#### Work to be completed
A faithful copy of all the data is required; pictures should not be included.

Short text fragments from websites:
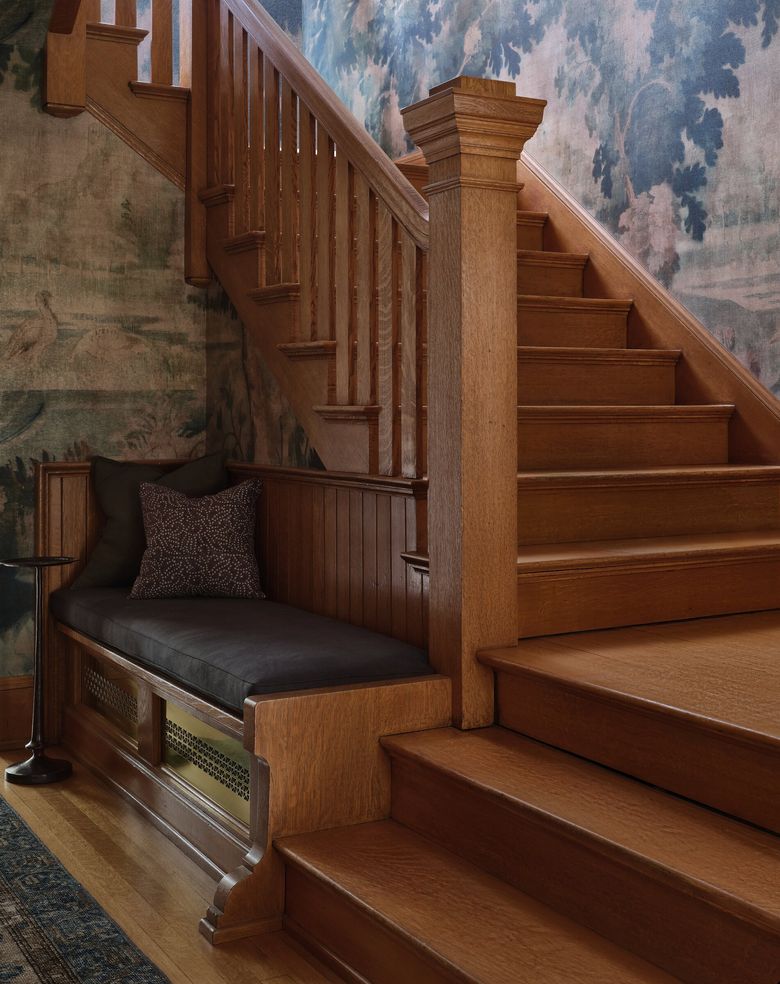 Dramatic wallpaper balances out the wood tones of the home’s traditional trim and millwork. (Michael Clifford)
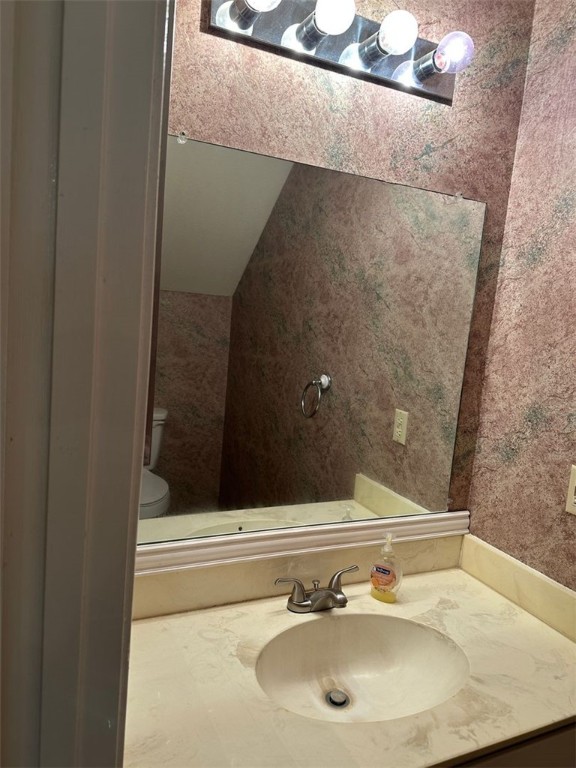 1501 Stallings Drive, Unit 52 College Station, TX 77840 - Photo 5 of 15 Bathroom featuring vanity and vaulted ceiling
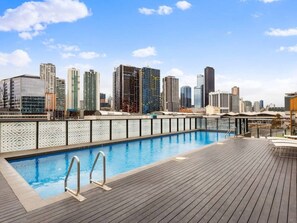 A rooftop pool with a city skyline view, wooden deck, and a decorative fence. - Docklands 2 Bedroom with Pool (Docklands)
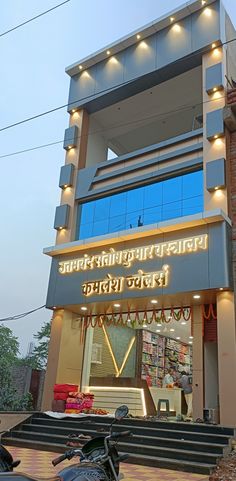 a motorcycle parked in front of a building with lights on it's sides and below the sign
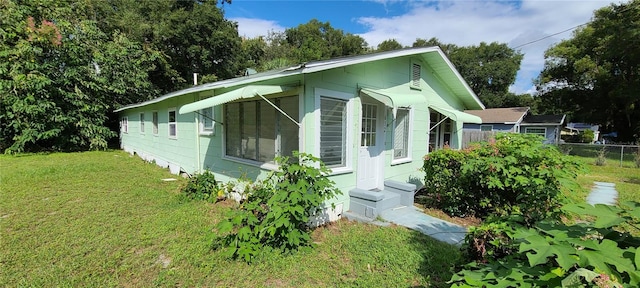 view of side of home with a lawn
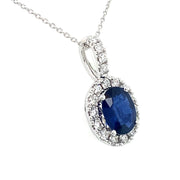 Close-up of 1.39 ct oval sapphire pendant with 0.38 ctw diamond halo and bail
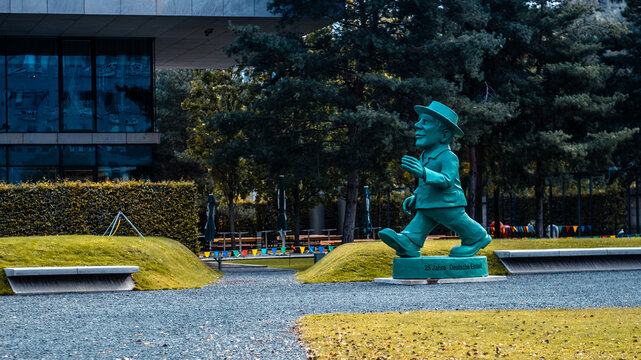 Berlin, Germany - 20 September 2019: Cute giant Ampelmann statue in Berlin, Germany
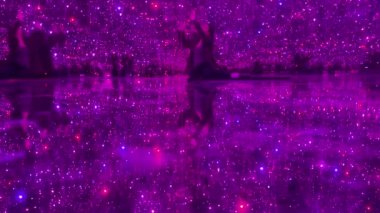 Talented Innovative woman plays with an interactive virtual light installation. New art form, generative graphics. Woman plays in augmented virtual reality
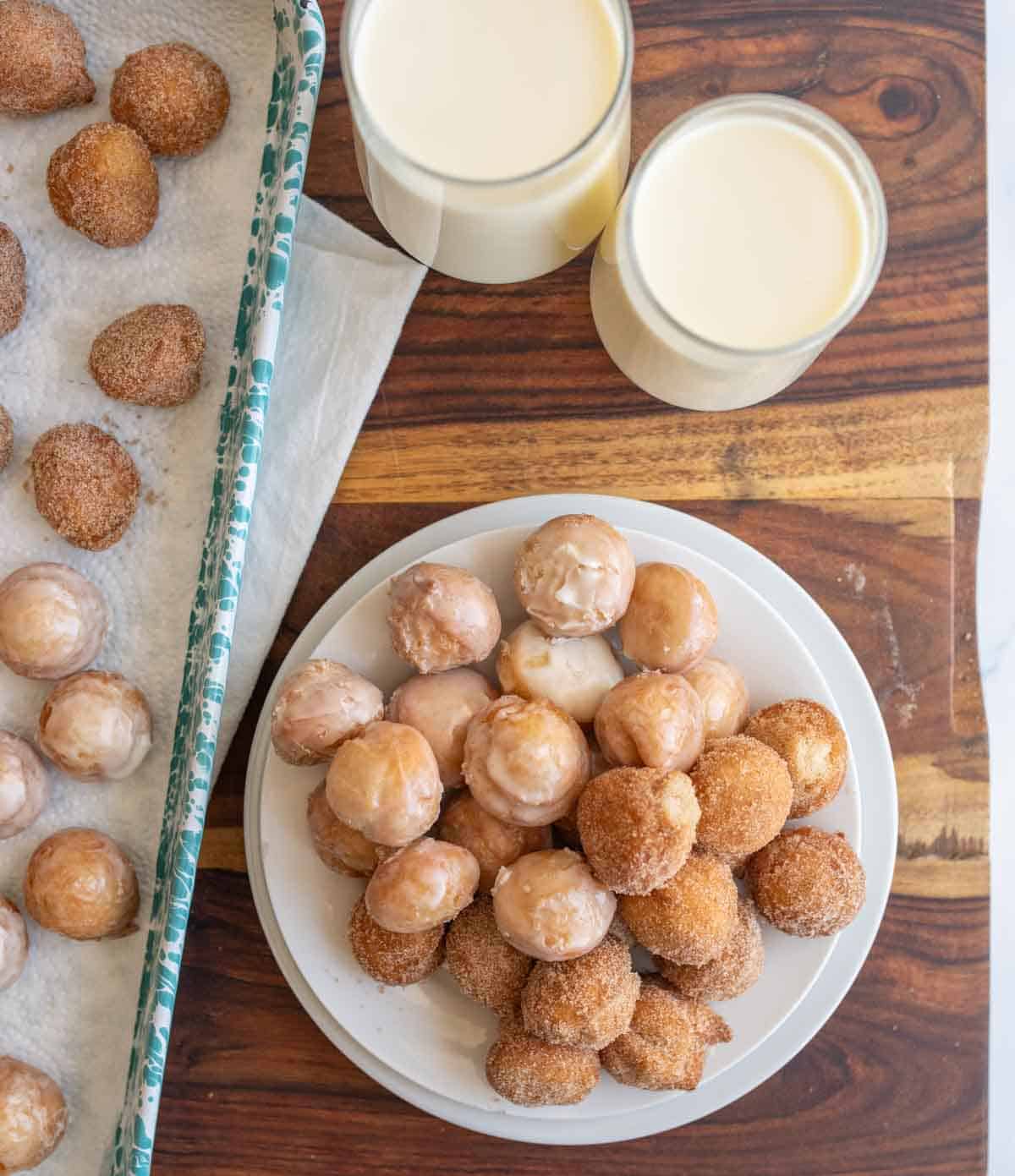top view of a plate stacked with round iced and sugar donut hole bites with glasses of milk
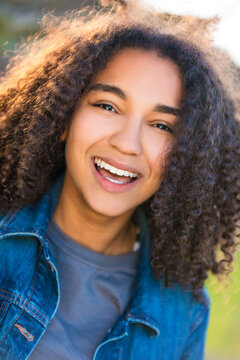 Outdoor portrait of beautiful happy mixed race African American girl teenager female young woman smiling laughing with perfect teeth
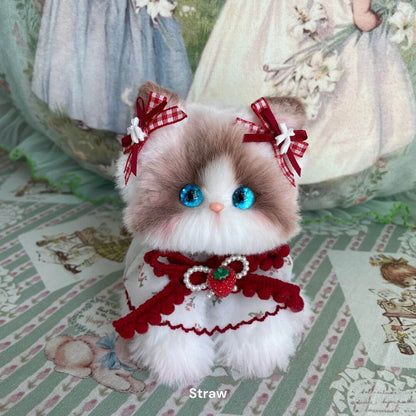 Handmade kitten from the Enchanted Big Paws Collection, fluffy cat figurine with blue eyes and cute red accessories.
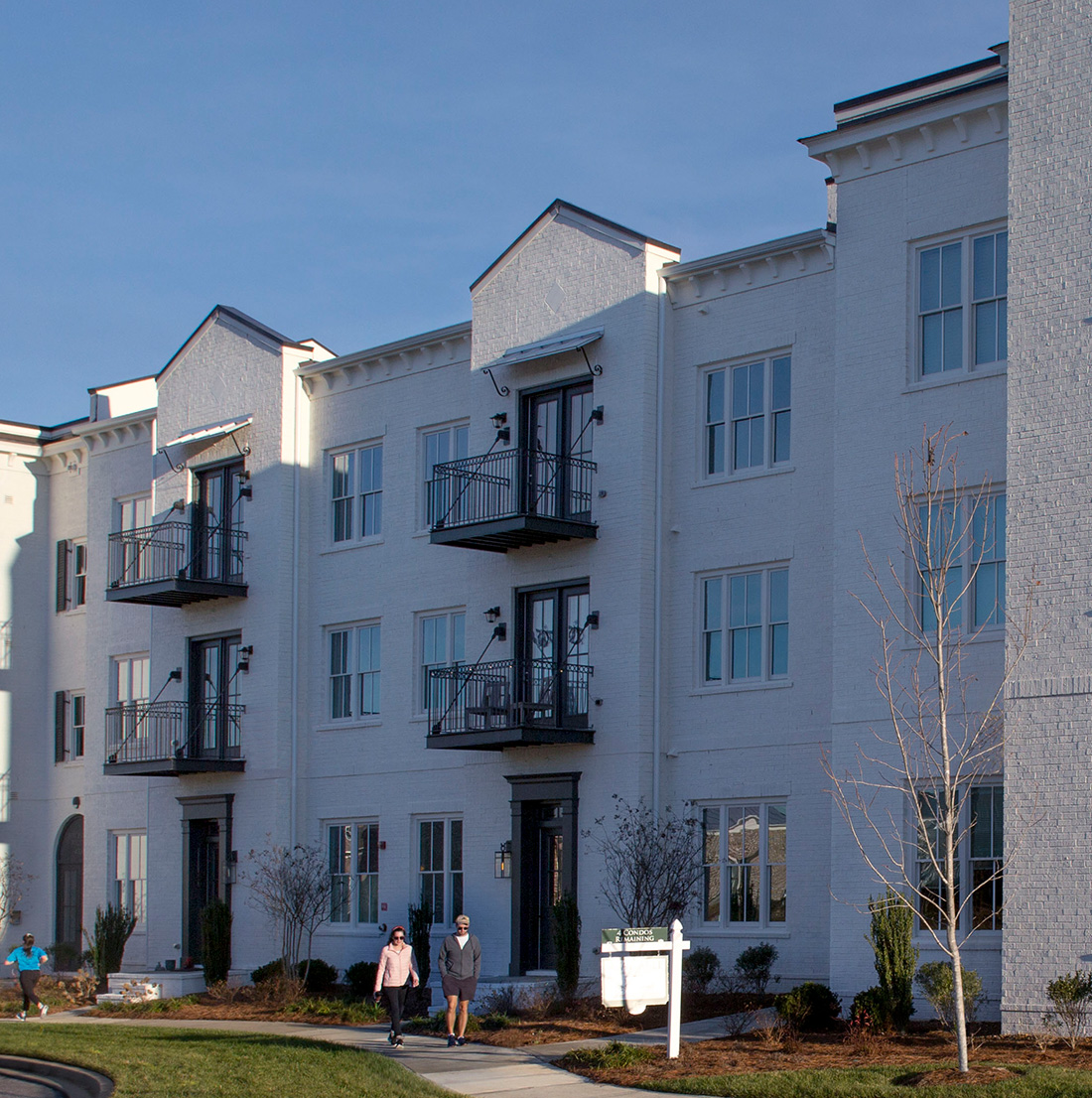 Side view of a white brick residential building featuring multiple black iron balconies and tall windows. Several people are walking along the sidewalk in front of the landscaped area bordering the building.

#### Solved exercise
 Dramatic wallpaper balances out the wood tones of the home’s traditional trim and millwork. (Michael Clifford)
 1501 Stallings Drive, Unit 52 College Station, TX 77840 - Photo 5 of 15 Bathroom featuring vanity and vaulted ceiling
 A rooftop pool with a city skyline view, wooden deck, and a decorative fence. - Docklands 2 Bedroom with Pool (Docklands)
 a motorcycle parked in front of a building with lights on it's sides and below the sign
 view of side of home with a lawn
 Close-up of 1.39 ct oval sapphire pendant with 0.38 ctw diamond halo and bail
 Berlin, Germany - 20 September 2019: Cute giant Ampelmann statue in Berlin, Germany
 Talented Innovative woman plays with an interactive virtual light installation. New art form, generative graphics. Woman plays in augmented virtual reality
top view of a plate stacked with round iced and sugar donut hole bites with glasses of milk
 Outdoor portrait of beautiful happy mixed race African American girl teenager female young woman smiling laughing with perfect teeth
 Handmade kitten from the Enchanted Big Paws Collection, fluffy cat figurine with blue eyes and cute red accessories.
 Side view of a white brick residential building featuring multiple black iron balconies and tall windows. Several people are walking along the sidewalk in front of the landscaped area bordering the building.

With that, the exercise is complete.